→ What needs to be done
Return only the stretch of the material below that begins with the line containing "Fairview Park Green Team" and ends with the line containing "Puerto de Luna", exactly; both of those lines belong to it.

START Available data

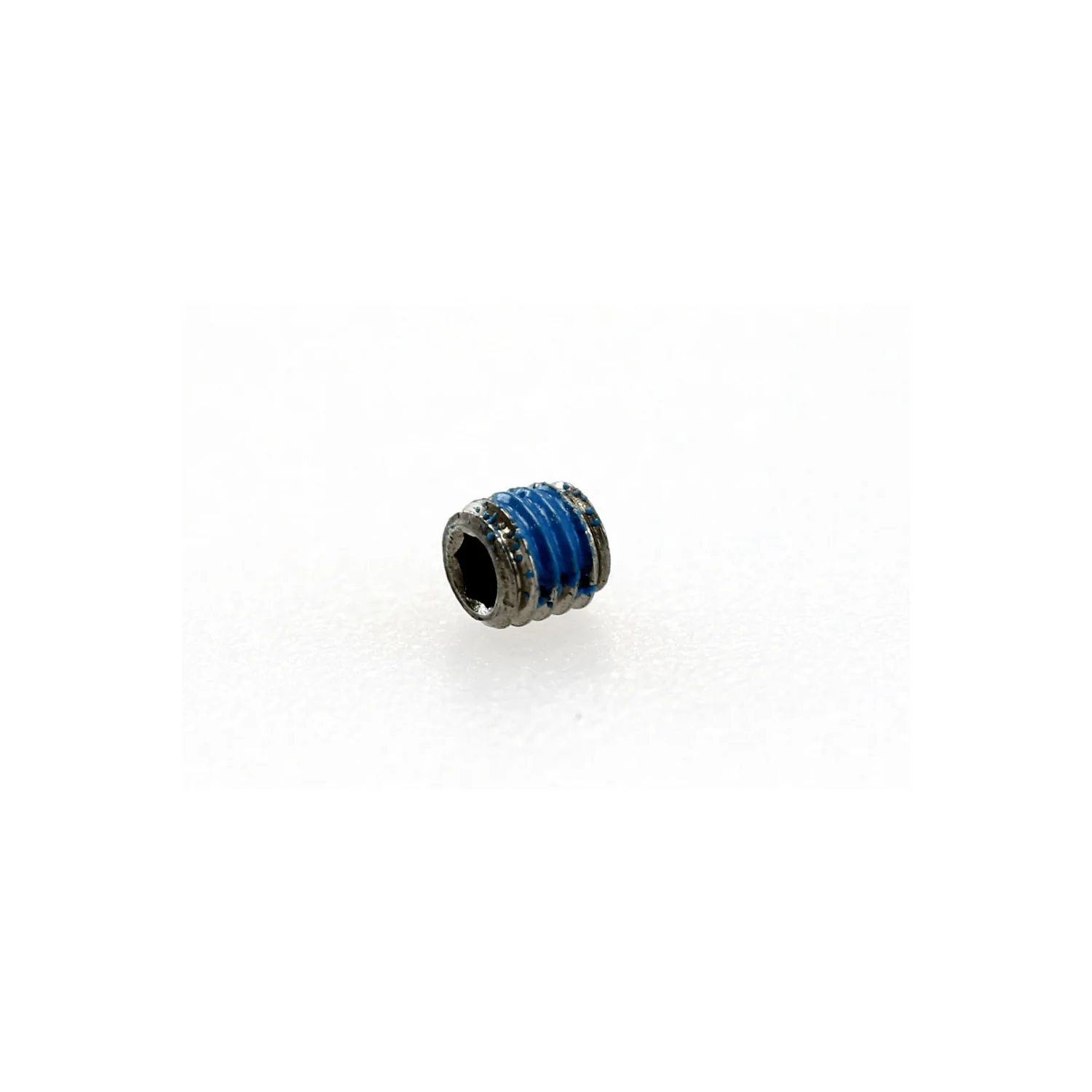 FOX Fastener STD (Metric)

END Available data
START Available data

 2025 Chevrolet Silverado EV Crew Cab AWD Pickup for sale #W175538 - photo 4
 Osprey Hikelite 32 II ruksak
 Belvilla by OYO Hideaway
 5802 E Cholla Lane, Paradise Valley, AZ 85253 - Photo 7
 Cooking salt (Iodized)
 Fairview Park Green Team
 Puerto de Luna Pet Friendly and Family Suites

END Available data

→ Answer
 Fairview Park Green Team
 Puerto de Luna Pet Friendly and Family Suites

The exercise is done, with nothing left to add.